Networking in C · intermediate · ~15 min

Parse an HTTP/1.1 request line in C

Walk through an HTTP request line and extract the method, path, and version into a struct.

Overview

Read the three tokens, copy them into a struct with bounded copies, and reject the input on overflow or a bad terminator.

Why it matters

The request line is where every HTTP attack starts. A bounded, allow-list parser stops the easy attacks at the door.

Lesson

Why this matters

Every web proxy, every WAF (web application firewall), and every reverse-proxy access log begins the same way. They read the first line of an HTTP request and pull out three tokens:

the method (for example GET)
the request-target (the path, for example /index.html)
the version (for example HTTP/1.1)

This first line is plain ASCII text and ends in \r\n (a carriage return followed by a newline). Because the whole protocol is text-driven, a C parser for it is small and worth reading closely.

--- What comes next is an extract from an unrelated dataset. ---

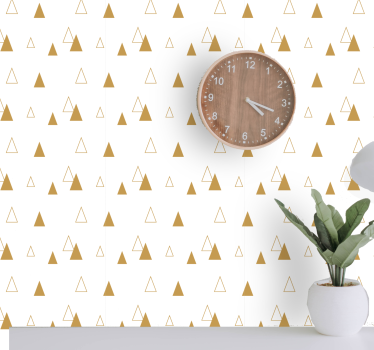 Behang driehoeken gouden patroon - TenStickers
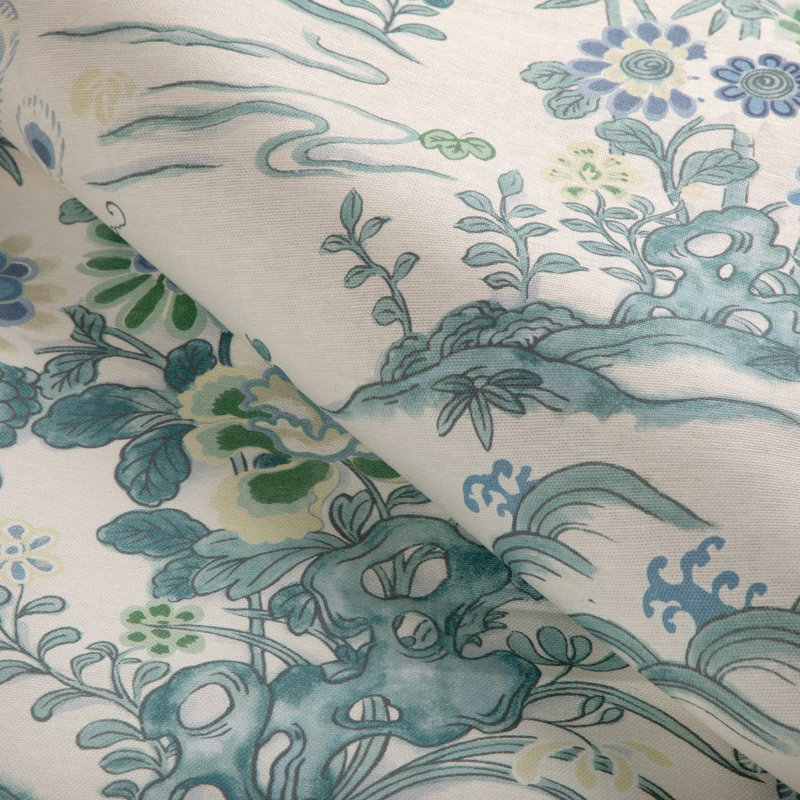 Sakura Print, Blue/Green/Ivory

This is the parser side of tools like Burp, mitmproxy, and nginx's access log. Here, we just write it ourselves.

What the wire looks like

A raw request arrives like this:

GET /index.html HTTP/1.1\r\n
Host: example.com\r\n
\r\n

The request line is the first line: three space-separated tokens, followed by \r\n.

Your job

Implement this function:

int parse_request_line(const char *buf, http_req_t *out);

The http_req_t struct holds three fixed-size (bounded) char arrays:

method[8]
path[256]
version[16]

Return 0 on success, or -1 on any malformed input.

Rules

Reject the input if any field would overflow its bound. Never use strcpy without a bounds check.
Reject the line if it does not end in \r\n.
The path may contain /, alphanumerics, ?, &, =, ., -, and _. Reject any other character for this exercise.

Common mistakes

Using sscanf("%s %s %s", ...) without length specifiers. That is an uncontrolled write into memory.
Forgetting to check for the \r\n terminator.
Allowing absurdly long paths because the per-field bound was never enforced.

What this is NOT

A full HTTP parser. Headers, the body, and chunked encoding are all skipped.
A request-smuggling detector. That topic lives in parse-http-smuggling-defence.

Summary

Key takeaways

The HTTP request line has three space-separated tokens: method, path, and version.
Split on the spaces and copy each token into a fixed-size field.
Always enforce explicit length checks. Reject input that overflows a field or lacks the \r\n terminator.